If the credit were removed for the well-to-do, the cost of the program would be reduced by over $400 million
By Ben Eisen and Zachary Spicer WINNIPEG,Canada’s Universal Child Care Benefit is an unfocused universal program that should be reformed to target financial assistance to families that need the help.
As government revenues fell during the “Great Recession” and spending went up to provide economic stimulus, Canada’s fiscal position deteriorated. The International Monetary Fund recently conducted an analysis of public finances in affluent countries and found that, unless Canada makes policy changes to either collect more revenue or spend less money, the country’s public debt will rise to dangerous levels.
The government can begin the process of repairing Canada’s finances by picking “low-hanging fruit,” by which we mean identifying areas of public management where savings can be achieved relatively painlessly, and where spending reductions will not interfere with achieving the government’s policy objectives. Using these criteria, an ideal first candidate for restraint-oriented reform is the federal government’s childcare policy and, specifically, the Universal Child Care Benefit.
Under the childcare allowance, parents are given $1, 200 annually for each child under the age of six to help offset the costs of childcare arrangements. The universal benefit is poorly designed because it provides assistance in roughly equal measure to the affluent and the needy alike. Millionaire parents are given the same $100 cheque each month as a family living below the poverty line.
It is precisely this type of unfocused, undisciplined public spending that our difficult fiscal situation requires us to reform. Fiscal restraint will always require hard choices, but the process can begin relatively painlessly if we resolve to eliminate cash allowances for families that are least in need of help.
The United Kingdom currently has a child benefit that is similar to our childcare allowance (the major difference is that in the UK the benefit lasts until children turn 18). However, the British government has recognized that this type of universal benefit is no longer affordable, and recently announced plans to phase it out for high-income families.

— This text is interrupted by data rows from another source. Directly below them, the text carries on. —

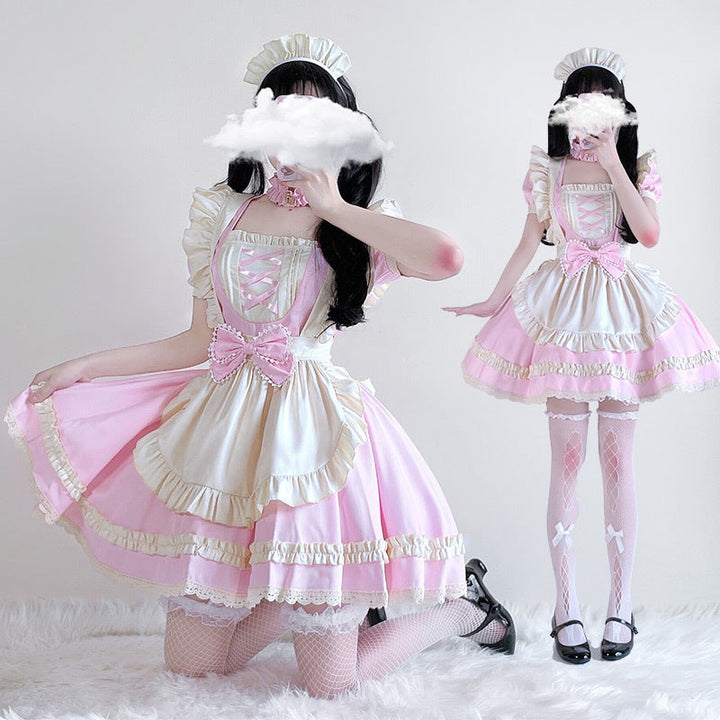 Ladies playful maid dress with ruffle details and satin accents Mune Fashion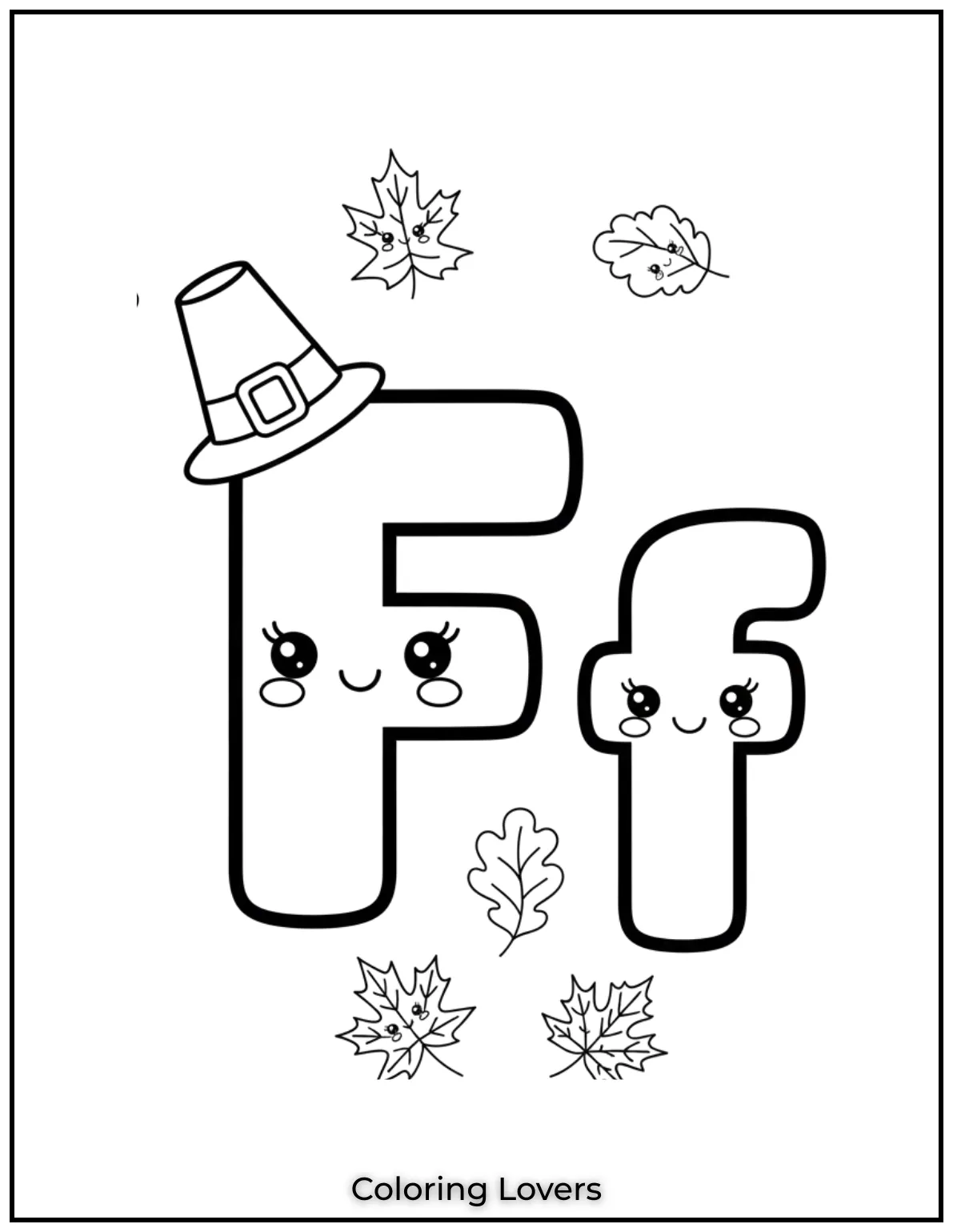 Letter “F” uppercase and lowercase coloring page.
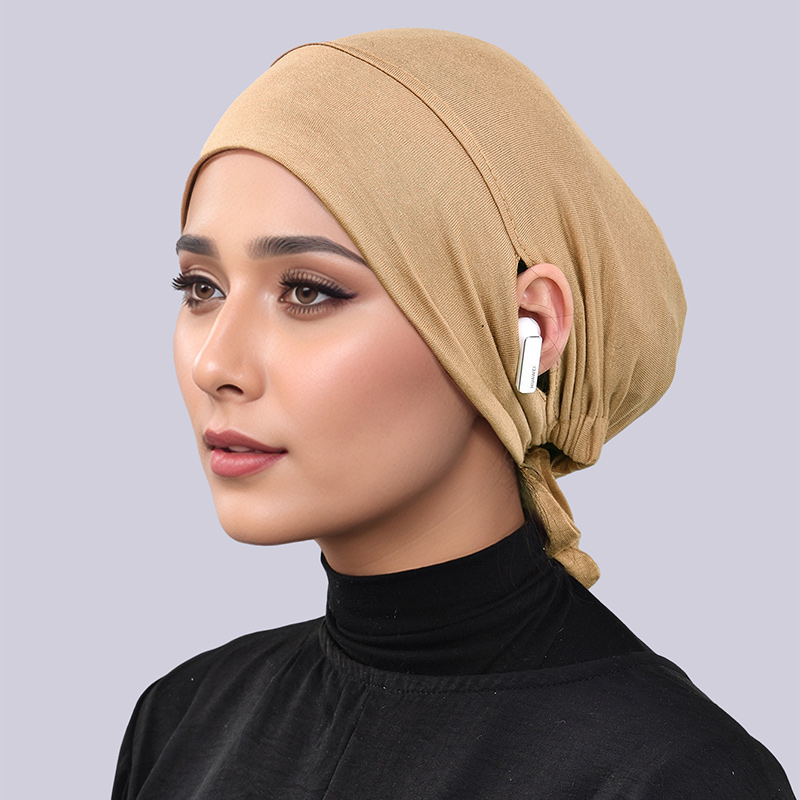 TEMU 1pc Women's Adjustable Ear- Headband Cap, Fashionable And Elegant Elastic Base Cap For Hijab, Multiple Colors To Match Outfits, Suitable For ,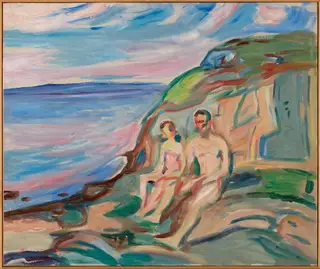 Sunbathing, by Edvard Munch, oil, 1915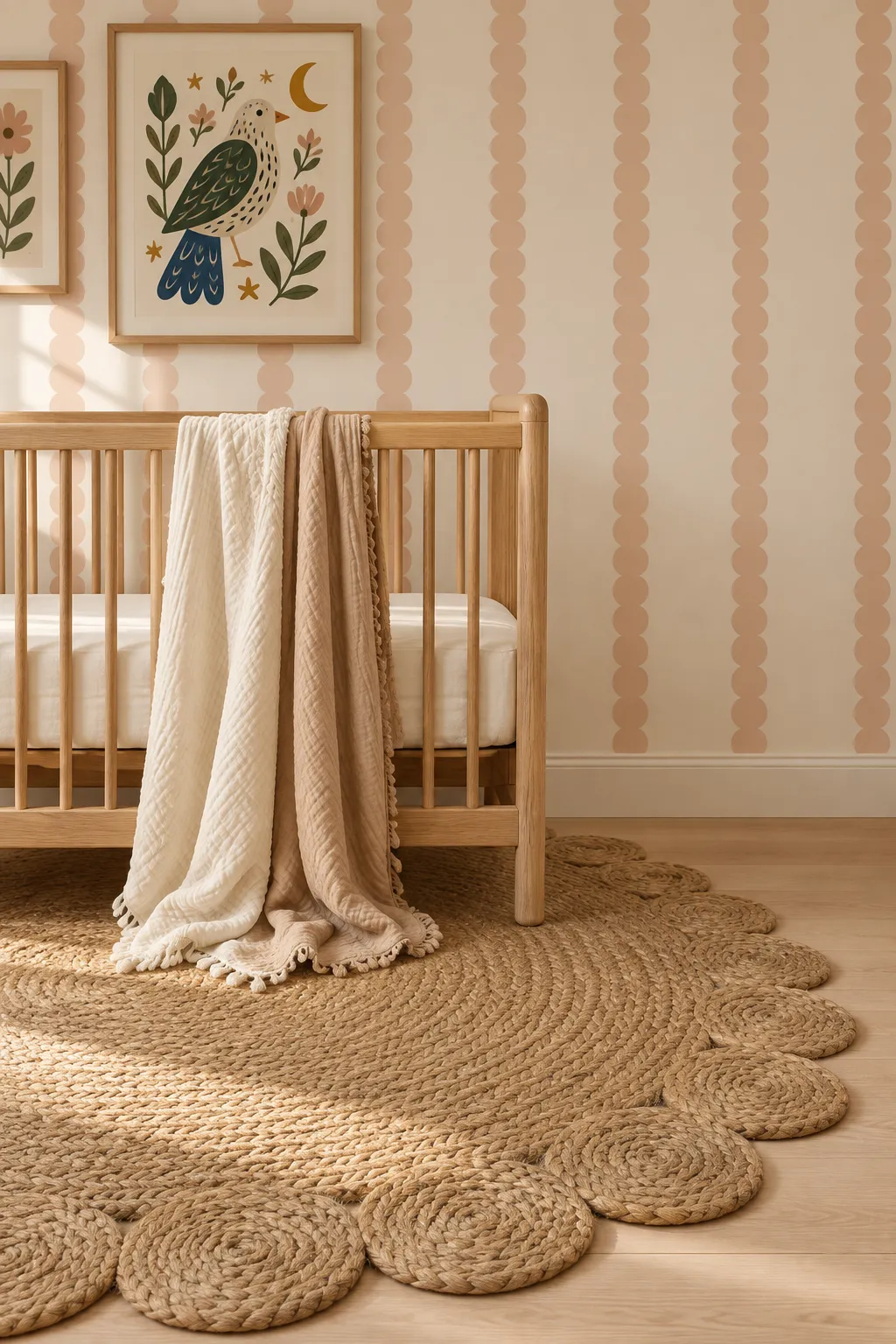 Nursery scheme combining blush scalloped stripes with a textured jute rug.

Under the new rules, the benefit will remain the same for all families whose top earner brings home less than $78,000 per year (we have converted the thresholds, which are set in Sterling pounds, to Canadian dollars). At that point, the benefit is gradually reduced as the top earner’s income rises, requiring families to pay back 1 per cent of the benefit for each additional $150 earned above the threshold. Once a family’s top earner reaches $94,000 per year, the child benefit is eliminated immediately.
By ensuring continued support for low- and middle-income families and phasing out the benefit gradually to avoid disincentives to higher earning, the UK government is picking “low-hanging fruit” to save money relatively painlessly.
The Canadian government could generate meaningful savings through a similar reform. One recent analysis showed that of all the families currently receiving the universal benefit in Canada, 368,600 of them (22 per cent) enjoy an annual family income over $100,000. If the credit were removed for these families alone, the cost of the program would be reduced by over $400 million.
A fraction of these savings would be re-claimed by these high-income families as a result of slightly smaller tax bills (the benefit is considered taxable income), but the savings from means-testing the benefit would clearly be significant. Even if the government created a somewhat higher income threshold for large families, these numbers show that means-testing the benefit could deliver hundreds of millions of dollars in savings.
The Universal Child Care Benefit (then called the Choice in Childcare Allowance) was a central campaign promise during the Conservative party’s first successful election campaign in 2006. Admitting that the program’s design was somewhat flawed may be politically embarrassing, but the government can save face by noting that the recession has changed our fiscal position, and a policy that seemed affordable seven years ago may need to be tweaked in light of new budgetary realities.
This small reform to one government program will not solve Canada’s budget problems, but it is an example of a sensible, relatively painless reform that can generate real savings and make the task of fixing Canada’s finances somewhat easier. The UK reforms provide a useful model that Canada can follow, if we simply accept the principle that during tight fiscal times the government can’t afford cash allowances for well-to-do families.
Ben Eisen is research director and Zachary Spicer is an intern at the Frontier Centre for Public Policy .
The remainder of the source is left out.